God took  in and joined together all that took place before the incarnation, especially all the pains and sorrow indicated by our musical drama, and joined in with it all, sharing with us all those pains and sorrows, bringing to them something new, something which can and should change the direction of the drama itself. God’s response to our song, therefore, is something unexpected: it was to join in with us, to join in with that song, to affirm that song and then add to it, to help direct it from within. God has taken it all in, including the hopes and dreams which were also represented by that musical drama, and transformed it from within, making the song itself “new” in the process.  This new song continues to take from all that came before it, but does so in the light of grace and the eschaton, bringing thus, a direction to the song, a conclusion which transforms the meaning of the song itself. Each person still has something to contribute to that song, something which shows how invaluable they and their lives are, but now they will be able to see how it can and will properly integrate with the greater song of humanity itself.   And, as St. Hildegard pointed out, just as we have  new song through the new Adam, we have the new Adam because of the  new Eve, Mary the Theotokos, so that the dissonance Adam and Eve established in the human song due to their sin could be and would be brought back to a new harmony through Christ and his mother, Mary:

Therefore, O Wisdom, heaven and the angels adore you, and all the heavenly hosts marvel at you, saying: Oh! Oh! All the miracles of God arose from “the slime of the earth” [Gen 2.7], so that a new sun came forth and a new light shone out, and a new song resounded among us. Wherefore, O Wisdom, praise be to you, because you found another woman, the Virgin Mary, that the serpent could not deceive, and she has crowned all the human race, so that from now on the devil will be unable to delude man as he did before. For in her pain Even was the mother of all weeping, but in Mary joy resounded with harp and harmony.[2]

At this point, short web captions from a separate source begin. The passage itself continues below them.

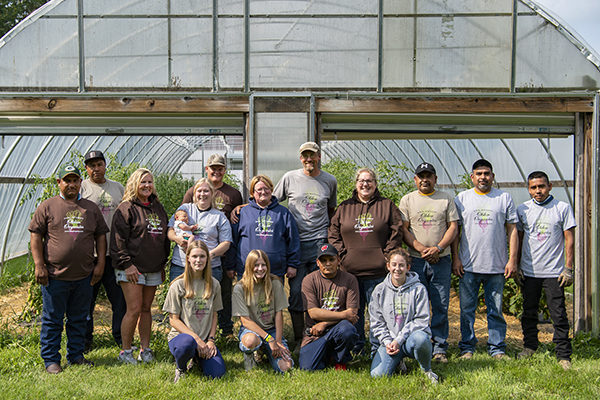 Olden Organics crew posing in front of a greenhouse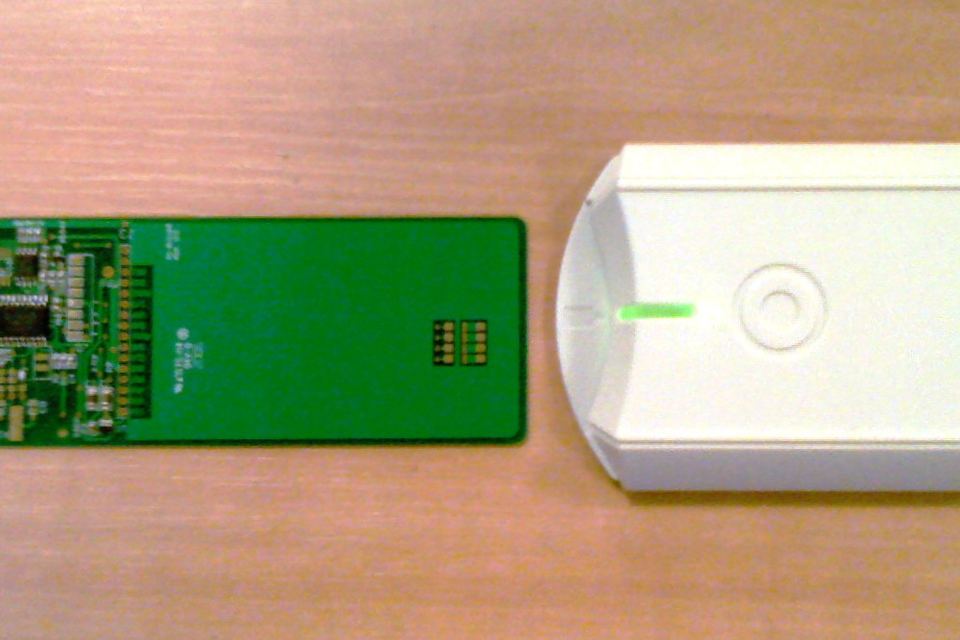 A false smartcard, composed of a circuit board and some logic to emulate a real smartcard.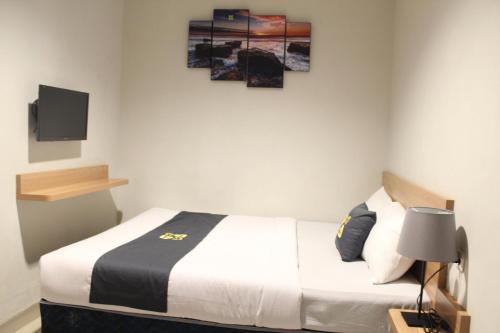 Ένα ή περισσότερα κρεβάτια σε δωμάτιο στο Ghurfati Hotel Mangga Besar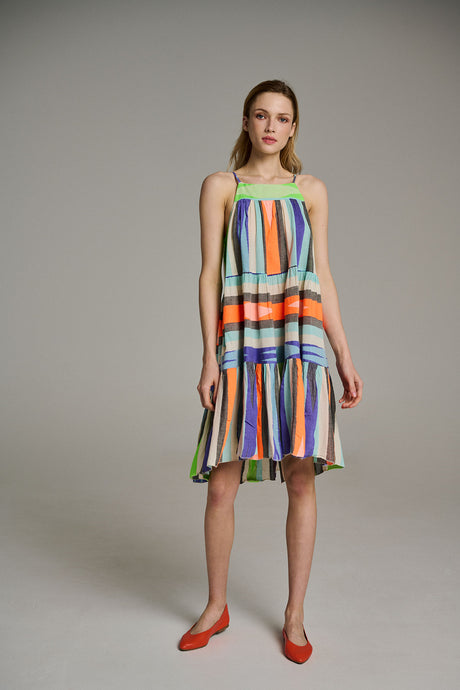 Sleeveless midi dress with multicolor vertical and horizontal stripes in blue, orange, green, and beige, paired with red.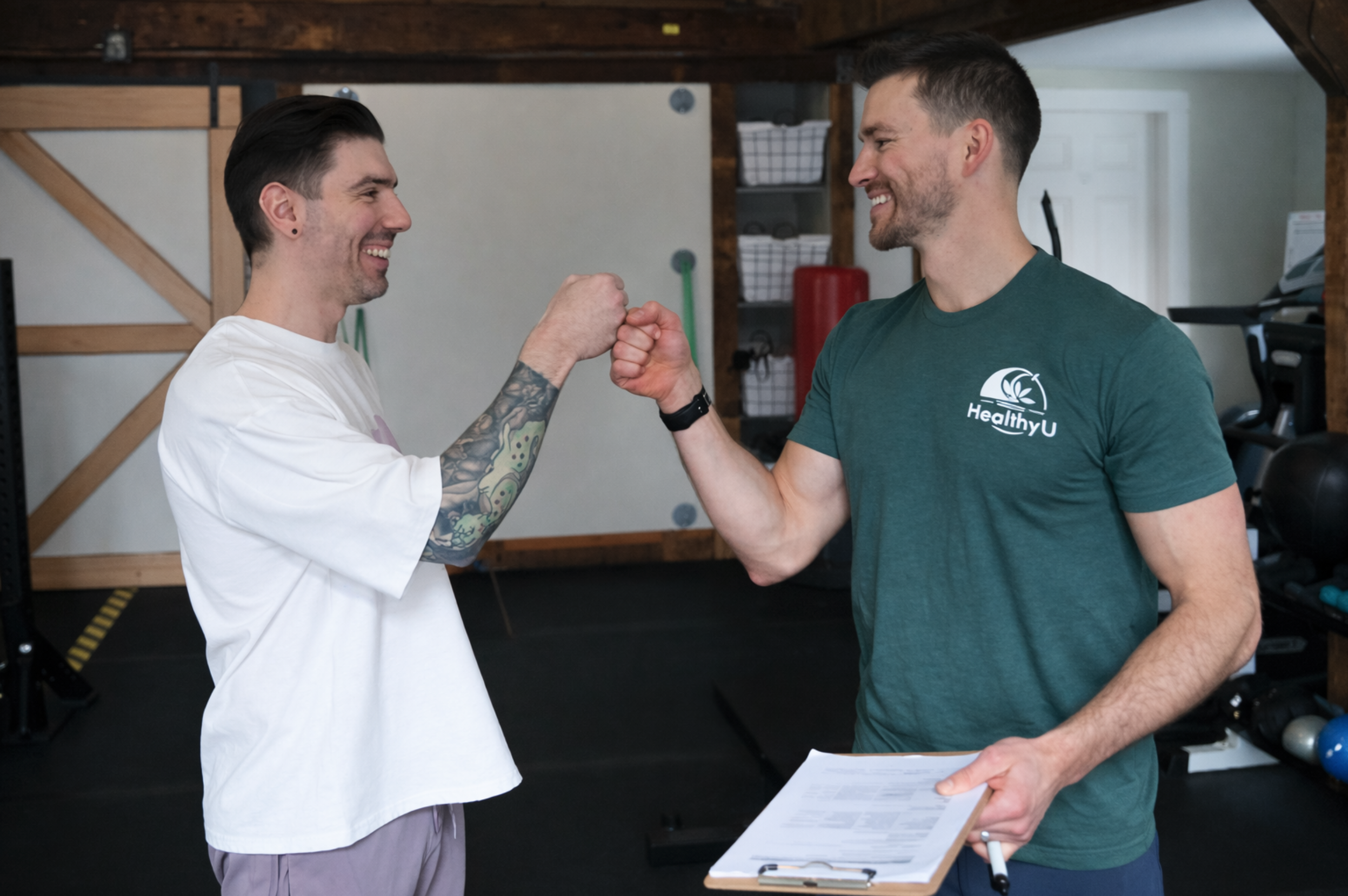Two men are fist-bumping in a gym, smiling at each other. One man has tattoos on his arm and is wearing a white t-shirt, while the other is wearing a green shirt with a logo and holding a clipboard.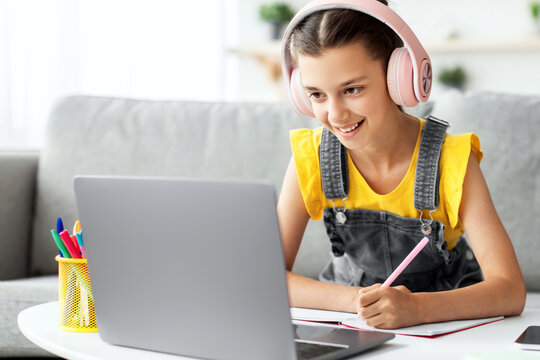 Educational Lecture. Portrait of smiling girl in pink headphones sitting on couch at table using laptop looking at screen, writing in her copybook taking notes, listening to teacher, free copy space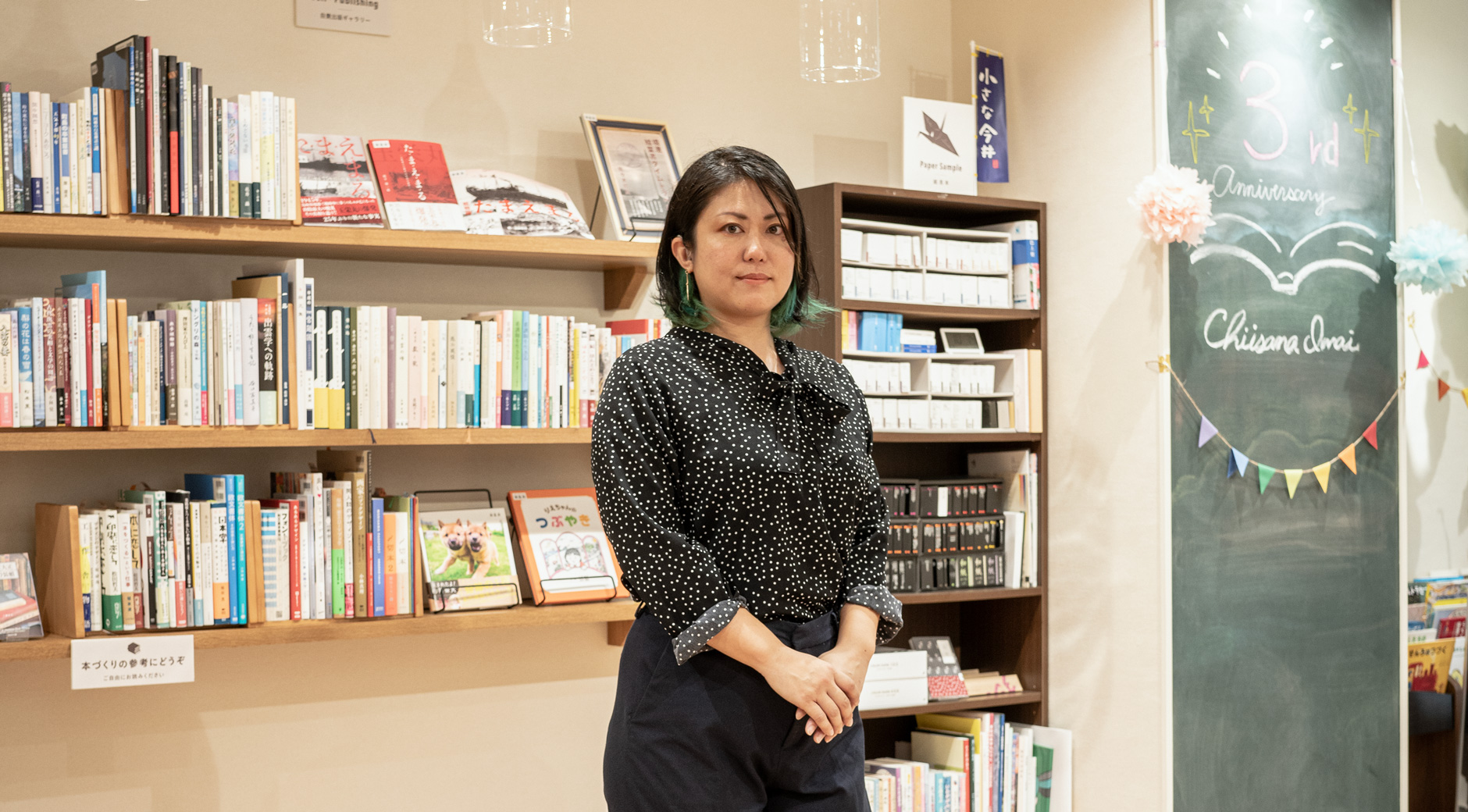 【画像】本棚の前に立つ上野智美さん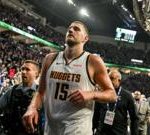 Timberwolves Jokic ejection scene during an intense playoff basketball game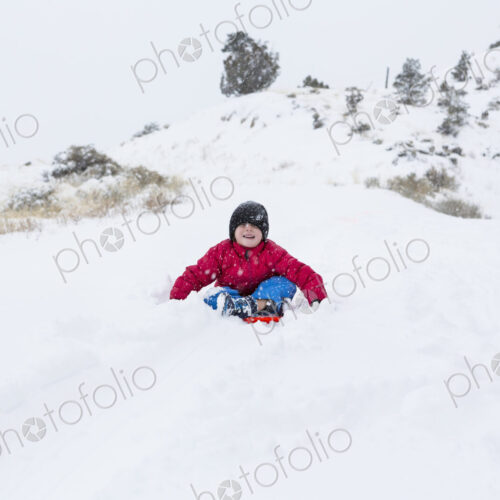 Siblings sledding down hill Siblings sledding down hill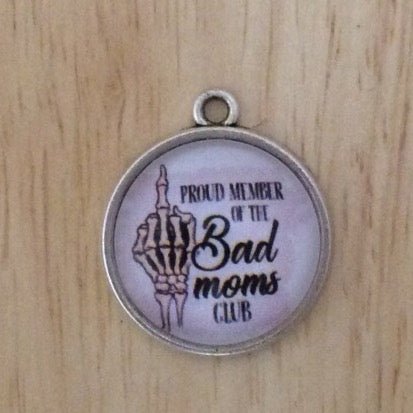 glass cabochon charm with a skeleton hand showing the middle finger and says proud member of the bad moms club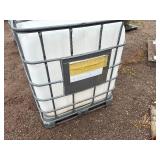 Plastic tank inside a metal cage. L 39 ½” x W 47” x H 46”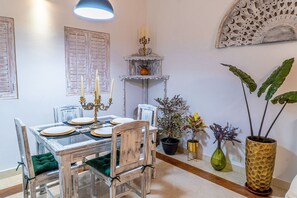 A dining area with a wooden table set for four, surrounded by chairs with green cushions. There is a decorative candelabra on the wall above the table. - Ayos - 1BDR Apto céntrico Edificio Ayos (Cartagena)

We have been given a new song. We are encouraged to find out how we can best integrate ourselves with it, to find our place in the harmony which Christ and Mary have established. Let us do so, even as we take in and appreciate the contributions of others, so that we can be inspired by each other and experience all the good the new song can and will bring about.


[1] St Sophronios of Jerusalem, “Homily  4: Homily on the Presentation of our Lord and Savior Jesus Christ”  in Homilies. Trans. John M. Duffy (Cambridge: Harvard University Press, 2020), 129.

[2] St. Hildegard of Bingen, “Letter 390” in The Letters of Hildegard of Bingen. Volume III. Trans. Joseph L Baird and Radd K Ehrman (Oxford: Oxford University Press, 2004), 194.